Peters has spread baseless claims about the 2020 presidential election being stolen and has been facing scrutiny since she allegedly allowed an unauthorized person to attend a sensitive Dominion Voting Systems software update in May. Photos of passwords taken during the update were then posted online.
“Over the past few months, we have made progress in the multi-agency investigation,” Mesa County District Attorney Dan Rubenstein and Colorado Attorney General Phil Weiser said in a joint written statement Thursday morning. “This investigation will be thorough and guided by the facts and the law. More information will be made available when the prosecutors are ethically and legally permitted to provide additional details. To maintain the impartiality of the investigation, we have no further comment at this time.”

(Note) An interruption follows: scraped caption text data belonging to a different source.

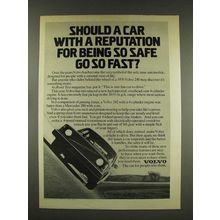 1976 Volvo 240 Car Ad - So Safe Go So Fast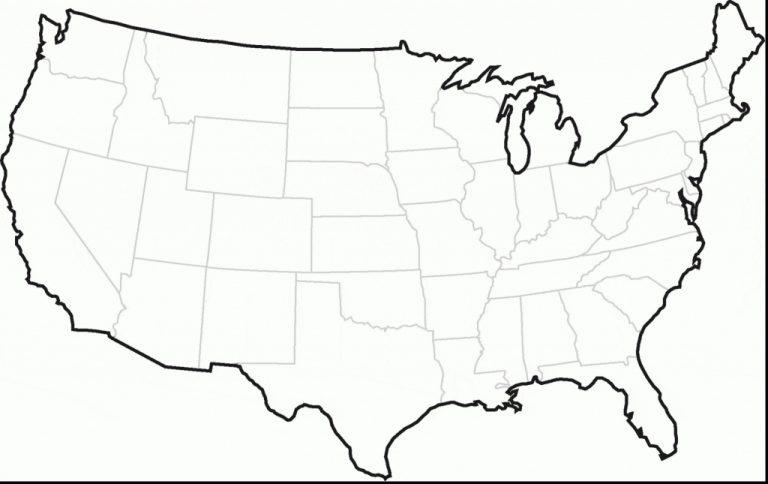 Map Of The Us Colored States Usa States Colored Blank Beautiful | Blank ...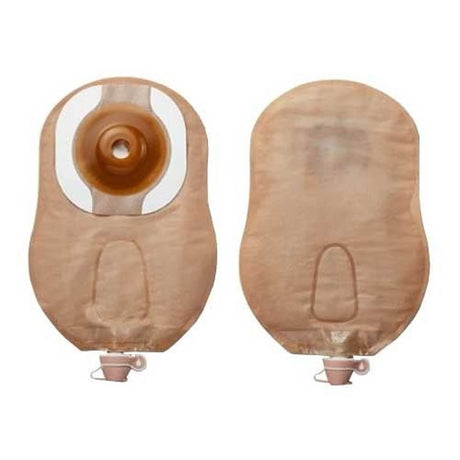 Urostomy Pouch Premier™ One-Piece System 9 Inch Length Convex, Pre-Cut 1-1/8 Inch Stoma Drainable - BeHope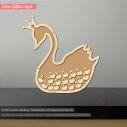 Swan wooden wishes board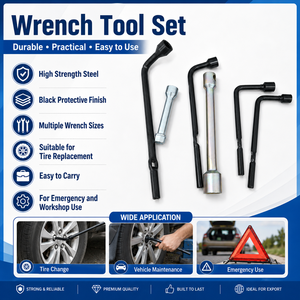 Heavy Duty Industrial Grade L-Type Hex <strong>Socket</strong> Wrench Tool <strong>Set</strong> | Metric Carbon Steel | Automotive Tire Repair Mechanical - Product Image 2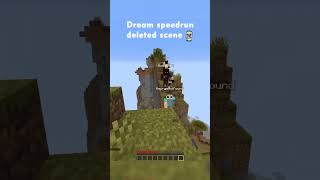 Dream Manhunt deleted scene shorts minecraft dream [upl. by Yroj]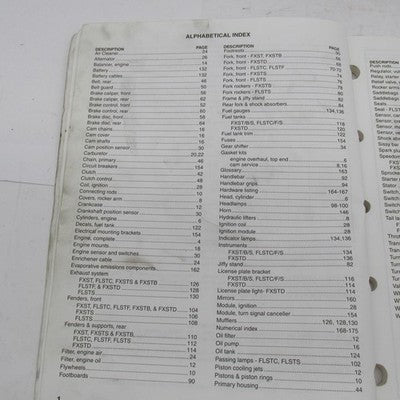 Harley Davidson OEM 2000 Softail Models Parts Catalog Factory Manual 9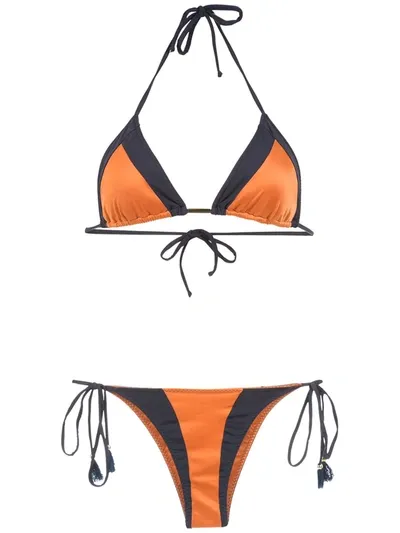 Brigitte Color Block Bikini Set In Yellow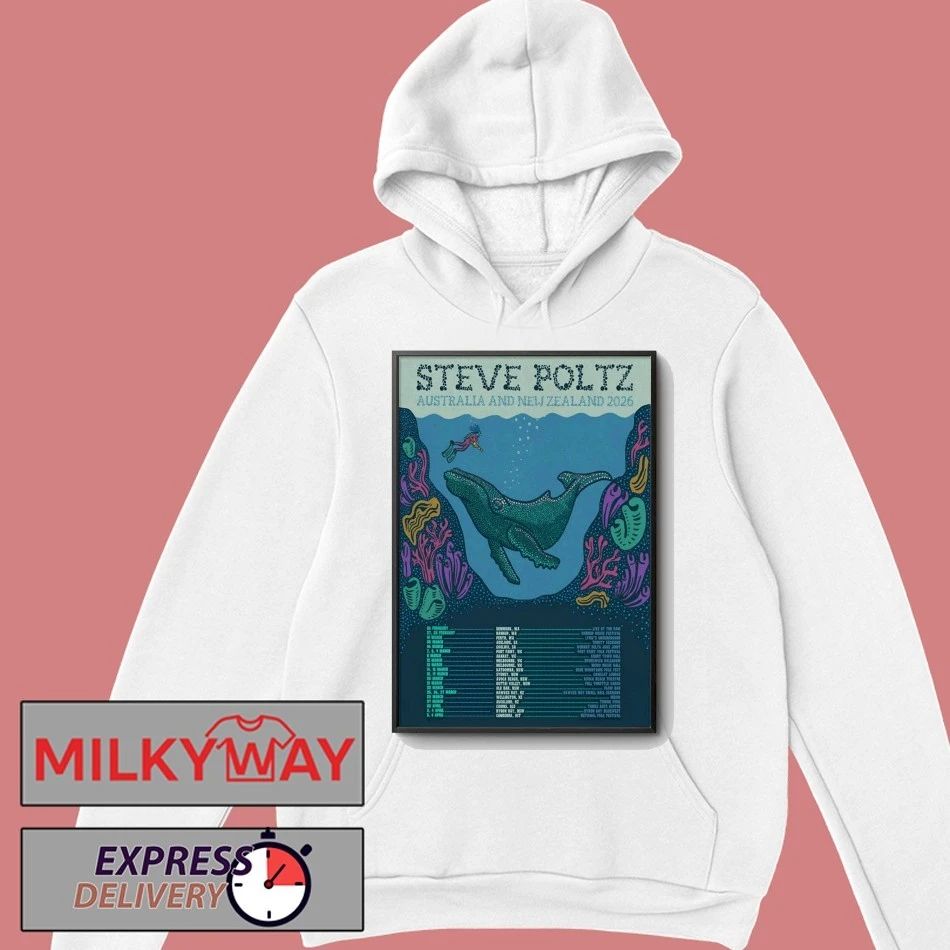 Steve Poltz Australia And New Zealand 2026 Tour Poster shirt
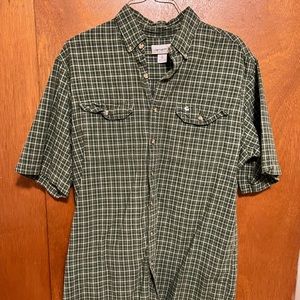 Carhart short sleeve button down shirt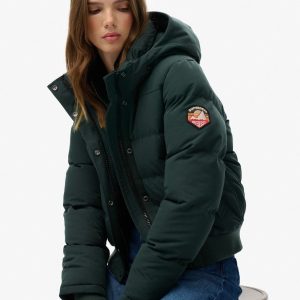 Everest Hooded Bomber Jacket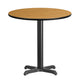 Natural |#| 30inch Round Natural Laminate Table Top with 22inch x 22inch Table Height Base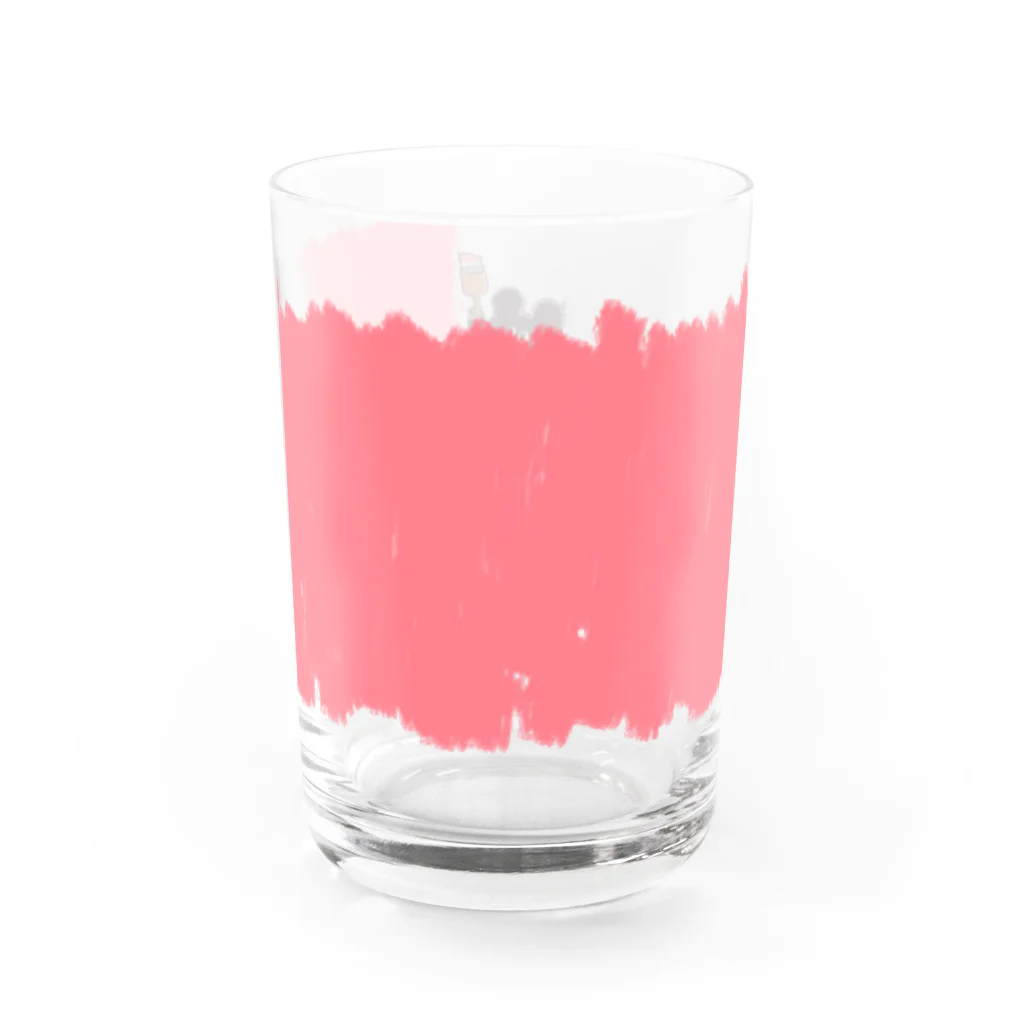 凸凹ショップのひまのかたまり ひま太郎グラス「きょうはぬりぬりしましゅ」ピンク Water Glass :right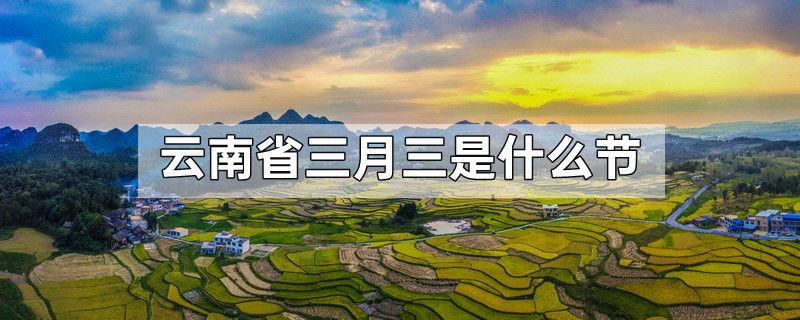 云南省三月三是什么节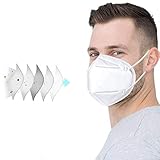 NEWMARK 30 Pack 5 Ply Protective Face Mask Filtration Against Air Particles - Ships from USA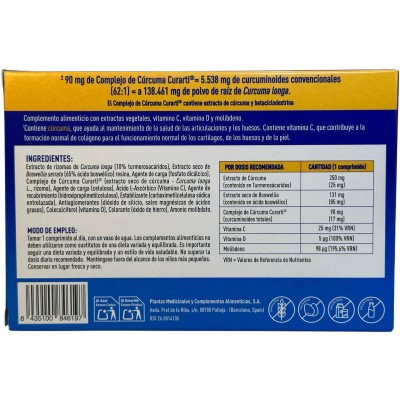Bi-Curarti Advanced 30 comprimidos de Plameca Plameca PLA-84619 Suplementos Naturales acción Analgesica, Antiinflamatoria, ma...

At the rally Thursday afternoon, Peters promised her supporters that new evidence will come out soon to corroborate her allegations that the 2020 election in Mesa County was manipulated by outside forces. She said the new information was not in the first forensic report that she has falsely claimed shows proof of voter fraud.
“No more machines ever!” one of her supporters shouted in response.
Peters said supporters have urged her to run for Colorado Secretary of State, “but my heart is here in Mesa County.”
Peters has continued to work as the county’s clerk and recorder, and is currently barred from overseeing the elections division under a court order that expires at the end of January. This week, Peters rejected a settlement agreement from the Secretary of State’s Office that would have allowed her to return to the division under strict supervision, and would have required her to “completely repudiate, retract and disavow” some of her past statements about election integrity, according to the Grand Junction Daily Sentinel.
“You know what I have to say to this order? I say ‘never,’” Peters told supporters Thursday.
As of Thursday afternoon, Peters had yet to file official paperwork to run for reelection.
Peters also faces campaign finance complaints for raising money during 2021 without declaring her candidacy or establishing a campaign committee, allegedly taking illegal gifts through an unregistered legal defense fund, as well as another complaint alleging she took illegal gifts related to plane flights and lodging for a conference she attended in August without reporting them.
The rally Thursday was filmed by a videographer from Texas, who said he was hired to create a documentary about Peters, although he would not provide further details. Two other videographers from the Western Slope said they were hired by Peters and by Garfield County political activist Sherronna Bishop, who has been at Peters’ side at all her rallies and who is also under criminal investigation.